Probably some of both. And definitely not one or the other, as popular as that mutually-exclusive thinking is nowadays.

The beauty of the situation? This bloodthirsty defense is dominant enough and rampaging enough and suffocating enough to create the luxury of being able to sort out some offensive issues without being remotely threatened.

It's also enough of a monster to prevent outright panic when the starting quarterback has to leave the game, as Kelly Bryant did with a sprained left ankle halfway through the third quarter.

"What I saw from our defense was wherever the ball was spotted, they were ready to play," Swinney said. "They created pushback, got stops. They just bowed up and got stops."

If before the season you sided with conventional wisdom in assuming Clemson's defense would carry the team as the offense found its way, at the halfway mark of the regular season you'd be right.

The Tigers improved to 6-0 with a 28-14 victory over the Demon Deacons in a game that felt too easy and then too hard.

Clemson was never threatened in improving to 4-0 in the ACC while winning for the 37th time in the last 39 games, not to mention winning for the 49th time in the last 50 games against unranked opponents.

The Tigers totaled 453 total yards, 25 first downs and ran for 190 yards against the same defense that shut down Florida State last week. Take away a sack for 18 yards and Clemson cracks the 200-yard rushing mark officially.

The offense endured a trying stretch after the first three drives. The next four possessions went lost fumble (Bryant), punt, punt, and an interception by Bryant on the first drive of the second half.

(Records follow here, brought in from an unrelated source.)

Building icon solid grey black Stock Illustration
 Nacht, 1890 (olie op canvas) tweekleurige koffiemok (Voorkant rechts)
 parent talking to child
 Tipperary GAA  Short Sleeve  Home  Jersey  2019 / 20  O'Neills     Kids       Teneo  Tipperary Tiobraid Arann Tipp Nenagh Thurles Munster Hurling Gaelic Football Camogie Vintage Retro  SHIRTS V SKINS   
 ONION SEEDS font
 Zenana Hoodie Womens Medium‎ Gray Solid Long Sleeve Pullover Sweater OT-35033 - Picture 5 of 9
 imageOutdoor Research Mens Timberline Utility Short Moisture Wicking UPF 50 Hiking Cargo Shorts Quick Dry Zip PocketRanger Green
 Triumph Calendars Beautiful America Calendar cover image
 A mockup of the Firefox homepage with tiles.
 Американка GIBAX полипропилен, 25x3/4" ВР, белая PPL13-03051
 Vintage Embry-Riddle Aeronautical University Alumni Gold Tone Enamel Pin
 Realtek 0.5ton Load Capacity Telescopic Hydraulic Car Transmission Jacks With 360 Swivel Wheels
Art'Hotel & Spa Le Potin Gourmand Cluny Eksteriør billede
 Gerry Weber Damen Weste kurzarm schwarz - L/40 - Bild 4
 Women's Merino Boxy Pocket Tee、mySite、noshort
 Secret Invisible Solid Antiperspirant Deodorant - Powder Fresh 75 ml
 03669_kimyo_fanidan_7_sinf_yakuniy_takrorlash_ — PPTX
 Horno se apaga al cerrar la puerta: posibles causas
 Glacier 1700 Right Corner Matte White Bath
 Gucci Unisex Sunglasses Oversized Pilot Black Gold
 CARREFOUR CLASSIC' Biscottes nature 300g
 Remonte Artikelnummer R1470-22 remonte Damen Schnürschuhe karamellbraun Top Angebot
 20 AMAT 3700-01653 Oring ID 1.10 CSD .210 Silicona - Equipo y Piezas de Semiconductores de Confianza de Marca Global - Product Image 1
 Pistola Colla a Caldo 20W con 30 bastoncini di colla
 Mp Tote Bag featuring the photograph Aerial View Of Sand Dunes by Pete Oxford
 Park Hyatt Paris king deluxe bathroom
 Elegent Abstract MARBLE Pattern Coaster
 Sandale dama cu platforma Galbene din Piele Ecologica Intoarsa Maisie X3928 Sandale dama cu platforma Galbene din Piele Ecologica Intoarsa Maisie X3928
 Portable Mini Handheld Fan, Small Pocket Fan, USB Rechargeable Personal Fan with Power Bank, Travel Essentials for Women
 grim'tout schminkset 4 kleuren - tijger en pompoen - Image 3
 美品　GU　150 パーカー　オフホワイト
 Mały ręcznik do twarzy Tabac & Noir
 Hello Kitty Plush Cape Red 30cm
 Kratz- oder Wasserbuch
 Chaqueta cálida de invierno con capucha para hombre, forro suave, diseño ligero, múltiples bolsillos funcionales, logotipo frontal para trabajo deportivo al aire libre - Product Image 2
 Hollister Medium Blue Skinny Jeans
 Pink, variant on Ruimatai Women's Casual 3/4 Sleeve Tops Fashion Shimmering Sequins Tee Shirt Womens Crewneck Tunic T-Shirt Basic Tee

The sequence brought plenty of groans from fans who saw the offense sputter for three quarters against Boston College. In that game the offense came alive in the fourth quarter. In this one, it came alive in the first quarter before finding the going much tougher.

"We're still growing," Swinney said of his offense. "I don't think we're a finished, polished, fully mature offense by any stretch of the imagination. I think we're growing each week."

The Deacons' defensive front, particularly Duke Ejiofor, gave Clemson some fits and mucked up the pass protection. After going turnover-free in the smothering of Virginia Tech, Bryant increased his turnover total this season to five (4 interceptions, 1 fumble).

Wake Forest put up the two touchdowns, but the scores came in garbage time after Hunter Johnson found Cannon Smith for a 13-yard score to put Clemson up 28-0 with 11:48 left.

The Deacons totaled 336 yards, but 138 of that came on the last two drives. Quarterback Kendall Hinton, subbing for injured starter John Wolford, completed 14 of 30 passes and ran for 92 yards on 24 carries. Wake Forest punted seven times.

Bryant had some familiar pocket-presence issues but still completed 21 of 29 passes for 200 yards. Travis Etienne led the Tigers in rushing with 67 yards on 15 carries, including a 1-yard touchdown on third-and-goal that made it 21-0 (Bryant's final play).

Johnson came in after Zerrick Cooper and it could be the other way around next time, because Johnson looked more poised and crisp.

As for Bryant, he was in a walking boot after the game and he nor Swinney seemed terribly concerned.

"It did not appear to be too serious, but you never know how those things are going to heal," Swinney said.

Before their final two touchdowns, the Deacons had the ball in Clemson territory five times and had a big fat zero to show for it. That included a drive that reached the Tigers' 16-yard line (missed field goal) and 17-yard-line (turnover on downs).

So as long as this defense is terrorizing opponents' backfields, some issues on offense that would ordinarily be a big deal don't seem as momentous.

At least, not now.

"That was a tough team to get ready for," Swinney said. "I knew those guys would play us tough, and they did."

Words that were forgotten in the first quarter rang true in the end.